Medieval competitors fight for the children

ByMary M. Ward

Nov 21, 2021

A woman carrying a box of new toys arrived at The Zone on Saturday morning.

It was not unusual, more than 200 other people have dropped off new toys to hand over to Toys for Tots of the US Marine Corps League, who will be distributing them this Christmas.

What was unusual about this woman was that she was dressed in civilian clothes. The rest of the comers wore all their best vintage clothes for the Society for Creative Anachronism’s annual toy and money drive. The international re-enactment group returned to host a toy drive this year, having canceled last year’s event due to the COVID-19 pandemic.

The woman told organizers she just wanted to donate to the program.

Participants (and those who wanted to be generous) had donated over 2,250 toys by 11:00 am.

Seventy boxes surrounded the company’s volunteers, who sorted the toys when they arrived.

In the background, the sounds of medieval-style sports fighting echoed in The Zone.

Maria Geeslin, organizer of the event, said attendees from the Society for Creative Anachronism want to do whatever they can for Toys for Tots and the children served by the program. About 200 members of society took part in Saturday’s toy drives and tournament games.

The games included archery, armor combat, youth combat, and cut and push competitions.

The group has been running tournaments for about 30 years, Geeslin said.

“It slowly got bigger and bigger and bigger and bigger,” she said. “It started when about five or six of us were like ‘Hey let’s start a tournament. Hey, let’s do it for Toys for Tots.’”

It’s a “pay to play” scenario, she explained. If people want to fight in the tournament, they must bring at least one toy that meets Toys for Tots’ requirements – toys must be new, cost at least $ 5, and be in their original packaging, not wrapped.

“It took. And it got bigger, and got bigger, as we turn everything into a competition to help motivate people for a charitable cause,” Geeslin said.

They ended up creating the contest “Whoever brings the most toys wins”.

And they bring toys. Lots and lots of toys.

A man, partially armored, entered with his hands full of toys, including a large pink and white unicorn.

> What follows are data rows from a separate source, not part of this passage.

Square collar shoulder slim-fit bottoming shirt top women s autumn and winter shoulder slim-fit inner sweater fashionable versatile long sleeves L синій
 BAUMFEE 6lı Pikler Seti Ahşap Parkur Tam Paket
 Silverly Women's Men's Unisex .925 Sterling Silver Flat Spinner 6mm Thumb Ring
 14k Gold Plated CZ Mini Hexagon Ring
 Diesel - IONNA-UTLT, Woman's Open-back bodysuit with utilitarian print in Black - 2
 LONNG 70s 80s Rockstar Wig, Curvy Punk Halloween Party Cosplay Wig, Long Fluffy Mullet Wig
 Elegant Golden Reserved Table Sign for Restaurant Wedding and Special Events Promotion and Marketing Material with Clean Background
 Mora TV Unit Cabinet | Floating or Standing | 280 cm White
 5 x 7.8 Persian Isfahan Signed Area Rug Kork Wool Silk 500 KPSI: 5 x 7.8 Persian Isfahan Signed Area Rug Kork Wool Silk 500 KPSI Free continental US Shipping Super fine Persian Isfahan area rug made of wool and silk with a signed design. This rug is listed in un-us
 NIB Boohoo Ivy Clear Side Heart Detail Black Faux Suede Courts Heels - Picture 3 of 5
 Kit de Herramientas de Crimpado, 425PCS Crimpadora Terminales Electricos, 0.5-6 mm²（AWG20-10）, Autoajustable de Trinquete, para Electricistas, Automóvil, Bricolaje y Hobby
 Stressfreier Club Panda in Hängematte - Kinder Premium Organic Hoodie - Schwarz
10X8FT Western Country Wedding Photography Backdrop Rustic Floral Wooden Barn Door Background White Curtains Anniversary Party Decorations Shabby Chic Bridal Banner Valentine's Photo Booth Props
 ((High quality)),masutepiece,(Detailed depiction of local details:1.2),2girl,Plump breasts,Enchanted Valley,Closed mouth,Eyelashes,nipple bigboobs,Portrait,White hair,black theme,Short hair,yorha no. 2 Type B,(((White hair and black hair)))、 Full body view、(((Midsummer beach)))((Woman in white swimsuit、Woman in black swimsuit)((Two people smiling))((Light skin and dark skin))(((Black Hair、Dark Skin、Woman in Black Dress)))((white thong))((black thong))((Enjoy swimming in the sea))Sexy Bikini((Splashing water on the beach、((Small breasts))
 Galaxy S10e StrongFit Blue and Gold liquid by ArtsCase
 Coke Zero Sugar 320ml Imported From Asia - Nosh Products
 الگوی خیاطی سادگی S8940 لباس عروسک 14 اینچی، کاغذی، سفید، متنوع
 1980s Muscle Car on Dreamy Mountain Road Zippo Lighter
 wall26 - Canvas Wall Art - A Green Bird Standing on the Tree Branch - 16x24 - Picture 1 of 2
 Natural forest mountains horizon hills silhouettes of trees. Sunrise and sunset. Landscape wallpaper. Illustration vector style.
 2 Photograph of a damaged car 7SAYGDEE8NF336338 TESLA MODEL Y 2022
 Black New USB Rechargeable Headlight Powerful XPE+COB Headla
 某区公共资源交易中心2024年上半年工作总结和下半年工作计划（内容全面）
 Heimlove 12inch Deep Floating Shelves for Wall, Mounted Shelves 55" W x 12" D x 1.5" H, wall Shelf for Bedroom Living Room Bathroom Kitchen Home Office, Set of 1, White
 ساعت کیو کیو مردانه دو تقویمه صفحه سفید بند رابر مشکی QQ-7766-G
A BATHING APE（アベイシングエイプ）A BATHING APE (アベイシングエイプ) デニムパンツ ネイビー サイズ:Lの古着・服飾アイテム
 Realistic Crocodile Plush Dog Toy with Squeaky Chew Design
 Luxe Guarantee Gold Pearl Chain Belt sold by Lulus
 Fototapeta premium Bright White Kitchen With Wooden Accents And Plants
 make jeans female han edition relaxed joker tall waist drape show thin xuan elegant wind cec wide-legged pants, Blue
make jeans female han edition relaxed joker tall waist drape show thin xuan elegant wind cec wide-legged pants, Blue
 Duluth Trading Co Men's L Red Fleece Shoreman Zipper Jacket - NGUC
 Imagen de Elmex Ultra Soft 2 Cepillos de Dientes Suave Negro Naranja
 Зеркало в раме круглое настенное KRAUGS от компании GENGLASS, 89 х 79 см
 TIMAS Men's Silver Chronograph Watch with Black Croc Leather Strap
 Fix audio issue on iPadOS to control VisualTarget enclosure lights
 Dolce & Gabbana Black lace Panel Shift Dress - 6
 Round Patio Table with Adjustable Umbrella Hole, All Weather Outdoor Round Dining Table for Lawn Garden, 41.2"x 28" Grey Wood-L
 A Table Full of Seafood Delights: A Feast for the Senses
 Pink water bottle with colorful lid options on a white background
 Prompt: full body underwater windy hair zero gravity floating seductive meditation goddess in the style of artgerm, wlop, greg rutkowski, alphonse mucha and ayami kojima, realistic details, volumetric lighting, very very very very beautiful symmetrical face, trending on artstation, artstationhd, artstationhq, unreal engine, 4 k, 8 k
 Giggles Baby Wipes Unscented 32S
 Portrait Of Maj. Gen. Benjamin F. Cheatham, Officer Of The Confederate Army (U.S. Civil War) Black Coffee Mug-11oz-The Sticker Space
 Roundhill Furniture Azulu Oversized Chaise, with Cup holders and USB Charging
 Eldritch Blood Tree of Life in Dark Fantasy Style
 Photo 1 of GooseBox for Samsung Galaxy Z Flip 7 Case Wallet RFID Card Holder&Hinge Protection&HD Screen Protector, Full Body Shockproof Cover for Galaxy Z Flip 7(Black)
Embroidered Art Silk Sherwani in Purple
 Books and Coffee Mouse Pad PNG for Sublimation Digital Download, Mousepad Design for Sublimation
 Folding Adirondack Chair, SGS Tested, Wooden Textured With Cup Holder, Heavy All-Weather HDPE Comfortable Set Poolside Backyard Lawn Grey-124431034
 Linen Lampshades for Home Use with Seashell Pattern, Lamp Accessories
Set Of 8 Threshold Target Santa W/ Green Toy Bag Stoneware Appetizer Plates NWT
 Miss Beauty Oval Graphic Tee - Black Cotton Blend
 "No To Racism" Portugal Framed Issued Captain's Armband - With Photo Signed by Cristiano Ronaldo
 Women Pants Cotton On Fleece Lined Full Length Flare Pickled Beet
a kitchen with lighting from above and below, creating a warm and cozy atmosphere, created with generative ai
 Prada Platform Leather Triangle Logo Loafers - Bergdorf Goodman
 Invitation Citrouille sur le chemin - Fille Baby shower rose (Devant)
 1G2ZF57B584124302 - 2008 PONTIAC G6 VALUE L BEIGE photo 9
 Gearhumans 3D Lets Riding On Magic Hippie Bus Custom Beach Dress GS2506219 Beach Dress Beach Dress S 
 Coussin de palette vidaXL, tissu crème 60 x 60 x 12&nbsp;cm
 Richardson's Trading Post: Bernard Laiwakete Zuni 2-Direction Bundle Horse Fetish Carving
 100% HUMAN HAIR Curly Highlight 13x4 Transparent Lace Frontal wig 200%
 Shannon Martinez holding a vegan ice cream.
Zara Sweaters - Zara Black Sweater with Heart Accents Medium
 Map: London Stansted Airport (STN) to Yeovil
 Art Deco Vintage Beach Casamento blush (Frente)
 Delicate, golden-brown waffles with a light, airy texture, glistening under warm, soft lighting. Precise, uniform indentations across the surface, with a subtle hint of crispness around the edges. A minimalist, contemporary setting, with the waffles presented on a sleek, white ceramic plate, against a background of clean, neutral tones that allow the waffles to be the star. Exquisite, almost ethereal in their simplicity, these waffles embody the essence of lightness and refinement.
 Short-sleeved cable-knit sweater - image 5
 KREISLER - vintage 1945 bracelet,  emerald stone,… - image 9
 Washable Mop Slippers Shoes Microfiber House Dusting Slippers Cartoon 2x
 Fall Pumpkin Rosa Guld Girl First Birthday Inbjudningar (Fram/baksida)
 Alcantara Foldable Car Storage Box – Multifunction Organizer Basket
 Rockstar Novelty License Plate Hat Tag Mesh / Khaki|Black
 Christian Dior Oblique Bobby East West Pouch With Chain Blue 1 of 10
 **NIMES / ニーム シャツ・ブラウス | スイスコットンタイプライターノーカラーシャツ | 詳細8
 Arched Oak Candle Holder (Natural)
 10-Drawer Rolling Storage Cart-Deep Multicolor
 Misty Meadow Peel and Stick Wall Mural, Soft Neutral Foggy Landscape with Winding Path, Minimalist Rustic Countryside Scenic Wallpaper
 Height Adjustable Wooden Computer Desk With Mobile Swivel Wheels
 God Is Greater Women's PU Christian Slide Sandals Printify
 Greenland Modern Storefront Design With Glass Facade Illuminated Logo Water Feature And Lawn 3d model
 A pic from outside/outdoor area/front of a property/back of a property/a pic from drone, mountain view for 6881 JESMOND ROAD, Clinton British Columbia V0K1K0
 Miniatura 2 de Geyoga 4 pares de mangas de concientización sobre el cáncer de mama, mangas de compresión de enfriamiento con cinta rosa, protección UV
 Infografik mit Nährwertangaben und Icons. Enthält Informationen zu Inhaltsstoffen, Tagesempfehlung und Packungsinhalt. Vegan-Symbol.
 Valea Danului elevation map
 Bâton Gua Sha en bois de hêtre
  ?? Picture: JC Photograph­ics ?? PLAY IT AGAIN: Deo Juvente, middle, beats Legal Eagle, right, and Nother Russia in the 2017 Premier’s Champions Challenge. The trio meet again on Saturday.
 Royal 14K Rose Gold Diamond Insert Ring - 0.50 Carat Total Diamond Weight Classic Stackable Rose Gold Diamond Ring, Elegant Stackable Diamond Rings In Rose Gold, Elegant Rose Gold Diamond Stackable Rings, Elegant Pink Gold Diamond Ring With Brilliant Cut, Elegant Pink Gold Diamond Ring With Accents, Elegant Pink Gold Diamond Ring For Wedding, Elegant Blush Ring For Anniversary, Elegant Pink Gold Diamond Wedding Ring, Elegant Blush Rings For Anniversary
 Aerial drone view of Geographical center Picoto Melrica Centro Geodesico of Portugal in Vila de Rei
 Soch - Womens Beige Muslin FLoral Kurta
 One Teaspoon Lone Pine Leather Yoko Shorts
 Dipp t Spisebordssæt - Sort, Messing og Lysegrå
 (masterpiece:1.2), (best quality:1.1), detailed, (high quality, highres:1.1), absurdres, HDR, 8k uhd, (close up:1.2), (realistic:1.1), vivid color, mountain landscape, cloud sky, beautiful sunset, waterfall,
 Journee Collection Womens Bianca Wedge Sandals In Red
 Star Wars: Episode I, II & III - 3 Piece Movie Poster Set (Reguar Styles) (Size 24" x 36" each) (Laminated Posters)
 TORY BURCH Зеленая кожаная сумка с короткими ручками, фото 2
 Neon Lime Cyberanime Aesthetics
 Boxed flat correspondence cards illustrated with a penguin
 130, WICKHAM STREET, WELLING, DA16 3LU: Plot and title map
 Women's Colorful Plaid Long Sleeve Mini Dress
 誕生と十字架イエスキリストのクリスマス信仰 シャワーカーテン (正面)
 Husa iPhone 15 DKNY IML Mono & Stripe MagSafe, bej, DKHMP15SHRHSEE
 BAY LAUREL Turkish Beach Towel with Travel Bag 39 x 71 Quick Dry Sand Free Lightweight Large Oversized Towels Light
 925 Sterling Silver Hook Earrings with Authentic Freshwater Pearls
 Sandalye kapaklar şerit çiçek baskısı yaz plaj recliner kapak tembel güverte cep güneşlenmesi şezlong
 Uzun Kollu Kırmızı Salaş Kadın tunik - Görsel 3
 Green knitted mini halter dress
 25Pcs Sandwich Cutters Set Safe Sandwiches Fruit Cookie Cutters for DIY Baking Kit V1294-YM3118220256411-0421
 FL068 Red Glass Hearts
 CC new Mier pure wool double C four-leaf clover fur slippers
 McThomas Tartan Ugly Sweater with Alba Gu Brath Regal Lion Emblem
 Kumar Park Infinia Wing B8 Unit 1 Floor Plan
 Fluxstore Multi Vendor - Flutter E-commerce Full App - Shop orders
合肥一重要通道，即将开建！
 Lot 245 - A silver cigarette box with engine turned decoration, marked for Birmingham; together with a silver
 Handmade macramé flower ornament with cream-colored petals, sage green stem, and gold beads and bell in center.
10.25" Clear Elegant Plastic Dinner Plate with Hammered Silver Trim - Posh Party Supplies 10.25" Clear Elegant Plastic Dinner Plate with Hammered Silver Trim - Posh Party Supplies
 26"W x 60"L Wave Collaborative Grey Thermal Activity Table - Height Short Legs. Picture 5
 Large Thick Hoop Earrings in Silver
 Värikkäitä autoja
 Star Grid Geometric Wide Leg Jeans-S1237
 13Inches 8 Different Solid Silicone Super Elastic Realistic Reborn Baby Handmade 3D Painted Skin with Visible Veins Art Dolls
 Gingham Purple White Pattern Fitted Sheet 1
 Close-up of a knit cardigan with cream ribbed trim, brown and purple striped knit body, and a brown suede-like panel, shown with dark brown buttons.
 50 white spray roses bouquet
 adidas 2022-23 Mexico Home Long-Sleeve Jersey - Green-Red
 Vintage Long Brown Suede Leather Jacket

Others had stuffed animals hunched over their arms.

The organizers, surrounded by boxes, quickly sorted the toys according to potential age groups, gender, and toy styles.

Attendees came from Arkansas, Kansas, Nebraska and other neighboring states, Geeslin said.

“People have come a long way to be here. And they bring so many toys,” she said. “Boxes and boxes and bags and bags of toys.

“To the point where Harold (Faughn) said, ‘Can you make us a solid and sort them out as you get them? “”

Faughn, the Cole County coordinator for the Toys for Tots program, said the program was sorely lacking in support the company offered.

And, he added, the generosity displayed at the start of the year was almost overwhelming. Him and Staff Sgt. Claus (another local volunteer) had prepared to fill fifty of the Toys for Tots donation boxes at the event. However, when they saw the answer brought 20 more.

Near the site in the building where the volunteers were sorting the donations, the archers clashed to see who most resembled Robin Hood.

The archers faced targets containing sheets of paper. Each leaf had a design on one side of a dice. A judge rolls a dice to indicate which target to aim. Thus, archers should shoot the paper with the corresponding paper.

In another area, competitors clashed in armored battles. A herald announced their names, the houses they represented and other information. Then they hit each other with bamboo sticks, “spears” or sticks. None of the “weapons” contained metal and all were blunt. Competitors determined by the judges were beaten, “succumbed” to their injuries and fell dead.

Each was heavily padded, wore elbow and knee protectors, and wore helmets.

Helmets are very heavy to help protect from neck injuries, according to John Eddy.

“Unless I’m hit somewhere where I don’t have armor, it doesn’t really hurt,” Helena Soranzo said. “I can feel the pressure.”